"Senin ağzından çıkanı kulağın duyuyor mu? Minho'nun böyle bir şey yapmasının imkanı yok kendinize gelin. Asılsız ithamlarınızı da bir kenara bırakın artık."
Minho'ya dönüp gülümsedim.
"Hadi yolumuza gidelim. Söylenenleri umursama."
Kafasını usulca sallayıp bana ayak uydurduğunda az önceki çocuk arkamızdan bağırmaya başlamıştı.
"Yani bilmiyordun. Üzücü. Tacizci birisine bu kadar güvenmek... Seni çok üzerler. Benden demesi. Hem ayrıca sen aldatılmış olmuyor musun ya bu durumda?"
Bunları gram takmamam lazım ancak söyledikleri öyle çok sinirimi bozmuştu ki olduğum yerde çenem kasıldı ve sağ elim yumruk şeklini aldı.
Minho bunu görmüş olacaktı ki endişeli gözlerle bana baktı.
"Doğruyu söyleyip söylemediğini merak ediyor olmalısın? Tabii bu senin hakkın. Buraya gelmeden önce sana her şeyi anlatmalıydım. Böylece seninle bu şekilde dalga geçemezlerdi. Benim hatam Jisung, çok üzgünüm."
"Neden üzgünsün ki? Senin bir hatan yok. Söylediklerinin doğru olmadığını zaten biliyorum. Sadece konuşulanlara, arkamızdan söylenenlere sinirlendim o kadar. Sana güveniyorum ve asla böyle bir şey yapmayacağını biliyorum sevgilim."
"Ama..."
"Ama ne? Doğru diyemiyorsun değil mi korkak?!"
"Bunların derdi ne?"
Minho'nun elini bırakmış arkamızdaki kalabalığa doğru dönmüştüm.
"Siz çenenizi kapayacak mısınız artık?! Beni kandıramazsınız o yüzden elimden bir kaza çıkmadan suçlamayı ve söylenmeyi bırakın!"
"Senin sevgilin kendisinden korkan alt sınıf bir küçüğüne isteği dışında dokundu. Üstelik bununla da kalmadı, biz gelmesek-"
"Sus artık, yeter!"
Son cümleyi kuran çocuğa doğru büyük adımlarla gitmiş, arkasından sakin olması için seslenip onu durdurmaya çalışan endişeli sevgilisini dahi duymayacak bir öfkeyle yüzünün ortasına sert bir yumruk indirmişti.
Birkaç kişi burnu kanlar içinde kalan çocuğun yanına eğilip ona peçete uzatıp iyi olup olmadığını sorarken diğer bir grup, Jisung'u tutup daha başka ve geri dönülemeyecek şekilde sonuçlanabilecek darbelere engel olmaya çalışıyordu.
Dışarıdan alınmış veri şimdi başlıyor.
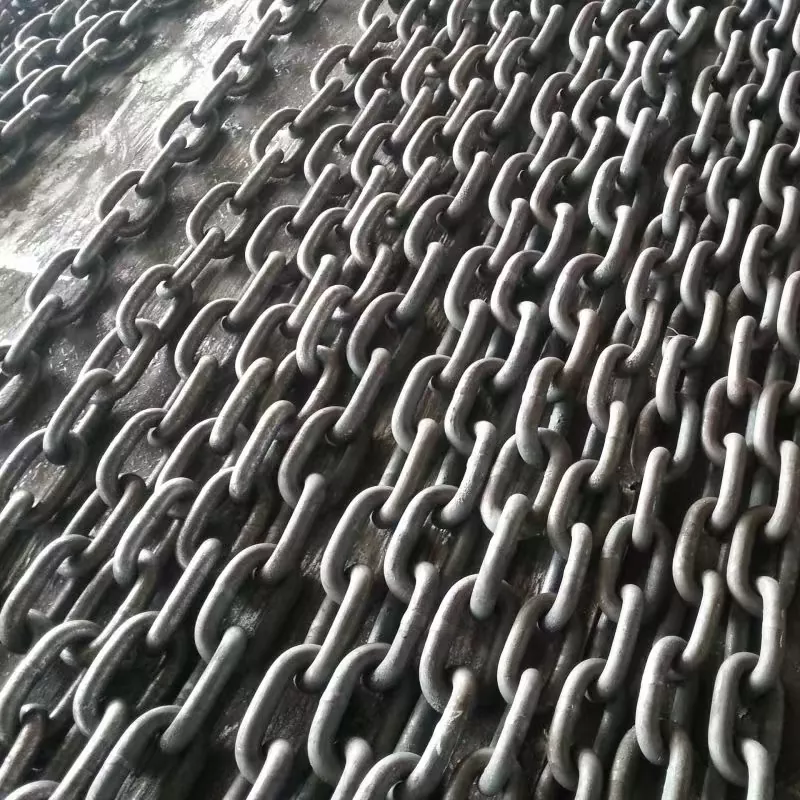 సేఫ్ మూరింగ్ కోసం నాకు నిజంగా ఎంత యాంకర్ చైన్ అవసరం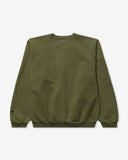 UACTP UNIFORM CREWNECK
Minho ise çoktan yanına gelmiş onu sakinleştirmek için kelimeler sıralamaya başlamıştı.
"Buna çok pişman olacaksın ve seni şikayet edeceğim anladın mı beni?"
"Et tabi çok bile durdun. Peki bu yaptıklarınızın yanınıza kalacağını mı sanıyorsunuz?"
"Sakin ol lütfen. Seni kışkırtmalarına izin verme. Gidelim hadi."
Etrafımdaki insanları uzaklaştırıp elimden tutup çekiştirdiğinde biraz da olsa rahatlamış kafa sallayarak onu onaylamıştım.
"Pekala. Evimize gidelim."
"Doğru söyleyip söylemediğimizi hiç merak etmiyor musun yani? Peki o zaman bunu nasıl açıklayacaksın söyle bakalım."
Önüne uzatılan telefondaki video görüntüsünü gören Jisung olduğu yerde taş kesilmiş elini kurtarırken ağır ağır Minho'ya dönmüştü.
"B-bu da ne demek oluyor? Haklılar mıydı yani? S-sen nasıl-"
"Jisung sandığın gibi değil. Gerçekten. Her şeyi açıklayacağım."